I also noticed on the RCI Points Home Group reservation section that all of the SB resorts are not showing up.  It used to have the one in Gatlinburg and the two in FL.  I called RCI a few days ago and they said it was a glitch and they would put a request in to get it fixed.  I just checked and it still only has the LV resort listed.  I want to make a reservation in Gatlinburg for May of 2008, so hopefully they will get it fixed by May of 2007 so I can make my home resort reservation.

Thanks Mimi and everyone for all the good info.


----------



## Sandy (May 16, 2007)

JoeMO said:


> I was told that I might get a 2 bed for my 1 bed when the new resort is built.  My guess is that he was exaggerating the upgrade.



I think you were correct and might get the upgrade (similar to what the studio/efficiencies got) to the two bedroom.  It will depend on the return of you documents by Sept 1 and being successful in the lottery. 

This info is posted on the Desert Club deed exchange web site.


----------



## Mimi (May 19, 2007)

spatenfloot said:


> They can be pretty useful traders depending on where you want to go. I just traded a 1br for a 3br Houses at Summer Bay in Orlando due to the owner preference. Others with better traders from other companies could not see the ones i did.



While on the tour, we were told there was no connection between Summer Bay Las Vegas and Summer Bay in Orlando--no internal owner trading preferences.


----------



## spatenfloot (May 20, 2007)

Mimi said:


> While on the tour, we were told there was no connection between Summer Bay Las Vegas and Summer Bay in Orlando--no internal owner trading preferences.


Well they told you wrong info because it is the same management company.


----------



## Sandy (May 22, 2007)

*I will try to find out tomorrow*

I am here at Summer Bay in Orlando.  Going to the presentation tomorrow morning with my brother.  I will ask them whether there is a trading preference or internal trading system.
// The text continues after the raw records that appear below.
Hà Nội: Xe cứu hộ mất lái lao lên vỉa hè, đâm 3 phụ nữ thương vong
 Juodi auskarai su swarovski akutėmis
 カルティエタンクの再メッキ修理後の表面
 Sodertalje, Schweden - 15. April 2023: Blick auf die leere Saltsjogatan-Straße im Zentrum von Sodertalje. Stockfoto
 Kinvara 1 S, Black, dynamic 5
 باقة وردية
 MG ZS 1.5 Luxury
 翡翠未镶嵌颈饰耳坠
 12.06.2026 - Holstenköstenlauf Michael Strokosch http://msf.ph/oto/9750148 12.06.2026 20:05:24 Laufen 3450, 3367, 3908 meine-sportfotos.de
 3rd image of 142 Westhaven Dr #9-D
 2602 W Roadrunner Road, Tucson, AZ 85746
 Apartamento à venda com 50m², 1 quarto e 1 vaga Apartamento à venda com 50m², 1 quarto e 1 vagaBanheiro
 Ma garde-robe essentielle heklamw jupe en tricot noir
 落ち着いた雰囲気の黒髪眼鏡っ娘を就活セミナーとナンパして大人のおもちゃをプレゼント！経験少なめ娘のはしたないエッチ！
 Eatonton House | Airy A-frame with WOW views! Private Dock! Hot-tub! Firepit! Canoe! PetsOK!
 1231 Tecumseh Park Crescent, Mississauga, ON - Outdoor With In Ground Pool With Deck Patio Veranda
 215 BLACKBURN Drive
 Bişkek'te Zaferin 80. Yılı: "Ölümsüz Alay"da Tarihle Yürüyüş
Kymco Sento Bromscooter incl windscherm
BTW, I am going b/c my brother wants to find out about this resort, since we are staying in one of the houses and it is definitely very impressive.


----------



## spatenfloot (May 22, 2007)

Sandy said:


> I am here at Summer Bay in Orlando.  Going to the presentation tomorrow morning with my brother.  I will ask them whether there is a trading preference or internal trading system.


Just remember, if the salesman's lips are moving....
There is no internal trading system. Any exchanges have to be through RCI. You do get a preference though.


----------



## ry"c (May 30, 2007)

*Summer Bay Deed Exchange Website Updated*

Dear Summer Bay Owners:

Check out the yesterday's updates to the website at:

http://deedexchange.summerbayresort.com/

James Reach


----------



## janapur (May 30, 2007)

Thank you James. As usual, we apprecitate your information and insight.

Would it be possible to attach a link with the bios of candidates for the upcoming election? I own five weeks now, but have not recived this information with my SB welcome packets. I do plan on attending the meeting on June 16th and look forward to meeting you in person.

TIA

Jana


----------



## anne1125 (May 30, 2007)

James, the website says the packets have been sent.  I did not get mine as yet.  Should I be concerned yet?

Anne


----------



## JoeMO (Jun 1, 2007)

*Packet*

I got my packet yesterday.  My name was wrong.  I called today and they are sending me a new packet with my correct name.  FYI

Joe


----------



## spatenfloot (Jun 4, 2007)

Everyone should be getting their packets by this week from what I can tell.


----------



## anne1125 (Jun 4, 2007)

I got mine and everything looks good.  I'll send it off this week.

Anne


----------



## Sandy (Jun 4, 2007)

Still have not gotten my package.


----------